3) pay an agreed upon amount, not stock options. Yes, although I mentioned
that some indie game developers go the route of offering royalties to artists,
the real advice is to pay a flat amount to contractors for art, sound, and
music and then keep full ownership of the game, and save lots of time and
money managing royalties for the entire lifespan of the game, worrying about
trust and tax issues, creating contracts with others, and more.

As well, on the hacker side of the equation, the author of the submission
mistakingly equates "offering a few lottery tickets that might win five to
seven digit figures" with "attracting the best designers." If you want to have
a good design, you will have to do the leg work, and not throw it to chance
and then say, "well, I tried!
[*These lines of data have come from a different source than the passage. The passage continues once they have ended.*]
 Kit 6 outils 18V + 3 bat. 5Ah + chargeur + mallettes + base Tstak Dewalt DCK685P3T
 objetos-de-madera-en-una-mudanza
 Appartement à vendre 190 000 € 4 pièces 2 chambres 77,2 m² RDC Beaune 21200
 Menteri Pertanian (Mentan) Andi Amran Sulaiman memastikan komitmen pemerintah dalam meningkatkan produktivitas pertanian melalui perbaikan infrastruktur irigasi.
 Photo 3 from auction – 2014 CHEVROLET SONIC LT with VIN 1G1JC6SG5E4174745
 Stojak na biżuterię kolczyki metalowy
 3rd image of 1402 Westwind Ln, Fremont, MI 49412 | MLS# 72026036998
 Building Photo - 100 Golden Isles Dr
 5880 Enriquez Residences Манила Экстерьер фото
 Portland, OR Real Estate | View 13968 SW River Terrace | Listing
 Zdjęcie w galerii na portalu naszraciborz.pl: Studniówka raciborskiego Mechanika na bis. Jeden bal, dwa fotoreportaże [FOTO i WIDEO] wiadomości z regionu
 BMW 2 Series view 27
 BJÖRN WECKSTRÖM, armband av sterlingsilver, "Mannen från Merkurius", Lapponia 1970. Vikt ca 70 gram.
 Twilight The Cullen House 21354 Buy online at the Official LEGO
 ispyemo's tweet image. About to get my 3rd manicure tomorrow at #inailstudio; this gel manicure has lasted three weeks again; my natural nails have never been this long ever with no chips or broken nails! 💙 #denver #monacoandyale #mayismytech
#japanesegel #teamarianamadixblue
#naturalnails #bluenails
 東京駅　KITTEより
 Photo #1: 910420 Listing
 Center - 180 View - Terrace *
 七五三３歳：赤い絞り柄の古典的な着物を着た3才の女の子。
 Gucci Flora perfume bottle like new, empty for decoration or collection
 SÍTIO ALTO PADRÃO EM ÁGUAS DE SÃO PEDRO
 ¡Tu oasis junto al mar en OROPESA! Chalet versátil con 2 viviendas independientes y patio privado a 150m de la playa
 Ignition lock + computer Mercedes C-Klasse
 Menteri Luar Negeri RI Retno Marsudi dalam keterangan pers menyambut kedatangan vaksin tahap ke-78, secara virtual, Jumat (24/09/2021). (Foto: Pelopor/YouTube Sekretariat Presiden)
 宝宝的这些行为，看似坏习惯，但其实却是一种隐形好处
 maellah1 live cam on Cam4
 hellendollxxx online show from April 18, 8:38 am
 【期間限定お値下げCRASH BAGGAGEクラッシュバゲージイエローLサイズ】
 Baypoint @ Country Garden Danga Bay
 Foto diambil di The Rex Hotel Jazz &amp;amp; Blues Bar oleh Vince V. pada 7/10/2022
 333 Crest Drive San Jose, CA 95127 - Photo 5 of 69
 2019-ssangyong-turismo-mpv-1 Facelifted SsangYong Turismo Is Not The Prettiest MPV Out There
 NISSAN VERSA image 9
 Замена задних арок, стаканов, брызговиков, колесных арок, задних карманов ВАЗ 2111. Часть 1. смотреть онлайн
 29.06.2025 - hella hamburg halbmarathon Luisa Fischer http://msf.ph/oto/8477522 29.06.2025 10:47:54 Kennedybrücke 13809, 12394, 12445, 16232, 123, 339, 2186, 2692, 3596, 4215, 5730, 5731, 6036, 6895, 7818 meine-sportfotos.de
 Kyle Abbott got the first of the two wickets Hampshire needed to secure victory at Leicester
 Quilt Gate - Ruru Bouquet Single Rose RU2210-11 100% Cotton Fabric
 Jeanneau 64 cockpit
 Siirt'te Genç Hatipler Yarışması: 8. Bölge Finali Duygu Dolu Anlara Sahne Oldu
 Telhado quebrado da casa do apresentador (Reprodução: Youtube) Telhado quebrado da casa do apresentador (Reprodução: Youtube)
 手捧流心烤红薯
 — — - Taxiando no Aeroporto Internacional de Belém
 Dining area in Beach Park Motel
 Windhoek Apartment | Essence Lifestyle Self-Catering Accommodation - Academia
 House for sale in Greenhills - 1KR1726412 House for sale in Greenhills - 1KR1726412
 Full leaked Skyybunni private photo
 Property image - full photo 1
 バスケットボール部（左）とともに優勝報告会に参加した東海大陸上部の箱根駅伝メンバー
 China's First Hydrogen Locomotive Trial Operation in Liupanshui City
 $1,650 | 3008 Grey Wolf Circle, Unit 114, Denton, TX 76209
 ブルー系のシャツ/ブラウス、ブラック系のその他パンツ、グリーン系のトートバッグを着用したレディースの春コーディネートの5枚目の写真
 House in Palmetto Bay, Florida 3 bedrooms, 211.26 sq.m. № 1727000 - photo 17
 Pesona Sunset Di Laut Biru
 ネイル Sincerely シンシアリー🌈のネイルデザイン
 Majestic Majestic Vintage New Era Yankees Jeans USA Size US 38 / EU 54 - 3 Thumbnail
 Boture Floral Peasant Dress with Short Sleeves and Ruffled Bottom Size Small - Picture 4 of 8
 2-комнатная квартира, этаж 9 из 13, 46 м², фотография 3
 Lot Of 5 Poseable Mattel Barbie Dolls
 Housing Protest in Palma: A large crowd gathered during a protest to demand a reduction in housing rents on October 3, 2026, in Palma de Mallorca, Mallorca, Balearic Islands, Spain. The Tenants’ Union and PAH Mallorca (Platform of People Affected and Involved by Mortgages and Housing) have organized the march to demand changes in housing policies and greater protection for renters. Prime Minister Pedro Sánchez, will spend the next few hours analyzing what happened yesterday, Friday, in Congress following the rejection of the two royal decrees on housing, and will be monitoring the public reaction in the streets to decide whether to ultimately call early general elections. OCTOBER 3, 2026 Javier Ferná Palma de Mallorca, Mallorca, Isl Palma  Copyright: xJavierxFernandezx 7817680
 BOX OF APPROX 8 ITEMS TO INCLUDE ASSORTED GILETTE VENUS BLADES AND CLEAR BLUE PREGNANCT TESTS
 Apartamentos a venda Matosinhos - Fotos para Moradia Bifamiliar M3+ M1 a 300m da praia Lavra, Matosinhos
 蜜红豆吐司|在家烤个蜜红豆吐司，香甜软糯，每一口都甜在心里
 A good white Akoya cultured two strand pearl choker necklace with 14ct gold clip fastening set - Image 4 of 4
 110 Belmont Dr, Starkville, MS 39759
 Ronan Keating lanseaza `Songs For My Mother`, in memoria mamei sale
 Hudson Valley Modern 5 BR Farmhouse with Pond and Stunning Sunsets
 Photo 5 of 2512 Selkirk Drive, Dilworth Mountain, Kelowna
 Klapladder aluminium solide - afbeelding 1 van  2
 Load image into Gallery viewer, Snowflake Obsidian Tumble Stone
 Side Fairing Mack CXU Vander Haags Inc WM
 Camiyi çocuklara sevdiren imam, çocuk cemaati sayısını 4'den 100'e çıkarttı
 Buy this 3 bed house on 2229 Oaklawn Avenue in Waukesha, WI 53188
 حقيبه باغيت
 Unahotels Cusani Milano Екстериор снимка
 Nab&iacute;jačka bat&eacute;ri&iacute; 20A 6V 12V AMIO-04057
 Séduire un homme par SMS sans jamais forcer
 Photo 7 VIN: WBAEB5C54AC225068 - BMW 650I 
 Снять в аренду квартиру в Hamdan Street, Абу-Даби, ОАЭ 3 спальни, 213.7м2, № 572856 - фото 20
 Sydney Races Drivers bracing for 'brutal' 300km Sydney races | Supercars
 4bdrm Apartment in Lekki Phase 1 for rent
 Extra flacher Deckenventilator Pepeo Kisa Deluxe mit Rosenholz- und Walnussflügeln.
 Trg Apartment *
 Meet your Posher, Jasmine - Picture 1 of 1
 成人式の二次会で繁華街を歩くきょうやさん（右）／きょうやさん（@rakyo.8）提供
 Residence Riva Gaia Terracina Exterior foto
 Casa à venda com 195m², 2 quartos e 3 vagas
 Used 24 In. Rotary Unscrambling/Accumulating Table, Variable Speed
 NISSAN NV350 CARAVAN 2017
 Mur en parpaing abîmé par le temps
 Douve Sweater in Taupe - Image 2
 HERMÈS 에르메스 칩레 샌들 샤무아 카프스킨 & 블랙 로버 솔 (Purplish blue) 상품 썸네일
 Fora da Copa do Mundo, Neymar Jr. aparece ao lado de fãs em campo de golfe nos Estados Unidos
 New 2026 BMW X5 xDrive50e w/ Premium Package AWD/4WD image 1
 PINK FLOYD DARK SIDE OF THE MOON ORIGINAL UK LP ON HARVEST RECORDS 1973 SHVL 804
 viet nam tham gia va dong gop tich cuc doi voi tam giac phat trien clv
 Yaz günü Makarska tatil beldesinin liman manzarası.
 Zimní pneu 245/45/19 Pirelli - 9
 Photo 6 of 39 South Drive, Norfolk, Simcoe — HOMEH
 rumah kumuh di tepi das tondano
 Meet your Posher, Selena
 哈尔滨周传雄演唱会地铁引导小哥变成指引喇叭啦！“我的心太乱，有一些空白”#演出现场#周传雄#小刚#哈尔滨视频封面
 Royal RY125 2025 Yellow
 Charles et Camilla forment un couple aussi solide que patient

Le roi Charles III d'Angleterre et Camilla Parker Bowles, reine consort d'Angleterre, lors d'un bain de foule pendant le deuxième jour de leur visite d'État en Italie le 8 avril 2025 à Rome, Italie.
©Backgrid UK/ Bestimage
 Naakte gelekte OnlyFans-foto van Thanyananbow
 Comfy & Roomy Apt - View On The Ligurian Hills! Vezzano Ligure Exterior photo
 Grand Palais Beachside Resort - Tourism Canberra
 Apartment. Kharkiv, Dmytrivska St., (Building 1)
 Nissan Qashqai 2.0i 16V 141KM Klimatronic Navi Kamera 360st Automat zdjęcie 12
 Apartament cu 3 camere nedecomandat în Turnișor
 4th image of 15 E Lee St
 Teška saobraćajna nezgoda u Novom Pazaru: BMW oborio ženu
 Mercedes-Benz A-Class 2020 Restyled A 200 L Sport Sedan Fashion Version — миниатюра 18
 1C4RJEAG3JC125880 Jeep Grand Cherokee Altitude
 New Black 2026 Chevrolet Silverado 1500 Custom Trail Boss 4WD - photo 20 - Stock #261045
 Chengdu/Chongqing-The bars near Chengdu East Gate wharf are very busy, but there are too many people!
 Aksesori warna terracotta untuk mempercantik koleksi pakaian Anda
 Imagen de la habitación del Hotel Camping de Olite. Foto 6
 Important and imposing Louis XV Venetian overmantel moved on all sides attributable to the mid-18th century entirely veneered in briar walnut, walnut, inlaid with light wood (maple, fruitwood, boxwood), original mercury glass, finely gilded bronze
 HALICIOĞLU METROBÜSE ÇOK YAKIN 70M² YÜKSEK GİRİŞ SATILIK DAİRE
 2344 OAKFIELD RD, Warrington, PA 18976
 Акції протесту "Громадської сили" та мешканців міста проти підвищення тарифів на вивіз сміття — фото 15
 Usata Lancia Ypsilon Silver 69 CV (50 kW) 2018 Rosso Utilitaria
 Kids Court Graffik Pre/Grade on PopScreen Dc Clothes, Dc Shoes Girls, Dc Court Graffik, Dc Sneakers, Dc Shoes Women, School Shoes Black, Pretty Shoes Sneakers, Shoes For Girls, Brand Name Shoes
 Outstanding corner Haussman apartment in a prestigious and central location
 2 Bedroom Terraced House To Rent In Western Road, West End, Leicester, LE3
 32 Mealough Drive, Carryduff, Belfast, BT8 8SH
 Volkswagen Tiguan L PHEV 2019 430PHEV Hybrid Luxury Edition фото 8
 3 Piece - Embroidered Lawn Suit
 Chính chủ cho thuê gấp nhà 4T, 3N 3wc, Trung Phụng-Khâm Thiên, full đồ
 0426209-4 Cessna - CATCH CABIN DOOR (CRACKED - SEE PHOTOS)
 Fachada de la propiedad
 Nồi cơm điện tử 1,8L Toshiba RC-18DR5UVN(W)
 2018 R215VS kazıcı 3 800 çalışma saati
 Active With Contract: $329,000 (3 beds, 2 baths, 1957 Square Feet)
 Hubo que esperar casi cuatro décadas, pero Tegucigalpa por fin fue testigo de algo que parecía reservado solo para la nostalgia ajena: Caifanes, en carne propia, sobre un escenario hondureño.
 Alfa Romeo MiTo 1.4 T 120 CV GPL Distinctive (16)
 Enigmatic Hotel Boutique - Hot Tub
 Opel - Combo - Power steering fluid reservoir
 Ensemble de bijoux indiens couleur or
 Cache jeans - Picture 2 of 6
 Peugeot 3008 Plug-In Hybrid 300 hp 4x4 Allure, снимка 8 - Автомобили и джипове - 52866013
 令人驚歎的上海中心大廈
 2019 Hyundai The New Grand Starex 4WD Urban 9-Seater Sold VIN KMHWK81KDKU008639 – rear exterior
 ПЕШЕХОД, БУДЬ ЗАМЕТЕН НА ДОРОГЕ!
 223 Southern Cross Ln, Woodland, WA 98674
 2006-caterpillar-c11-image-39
Let me offer 5 or 10 more percent."

And here's a new submission that design contests might not even be legal:
<http://news.ycombinator.com/item?id=443758>

------
wheels
This is going to go over really well in due diligence.

Edit: This might make more sense if you created a special class of stock
without voting rights. If you're essentially giving away 5% of a potential
exit someday that's one thing. Giving away 5% of control is another.

------
pclark
5% is a ridiculous amount. What does this show to potential investors? You
either value 5% of your company at ~$1000 or you're insane.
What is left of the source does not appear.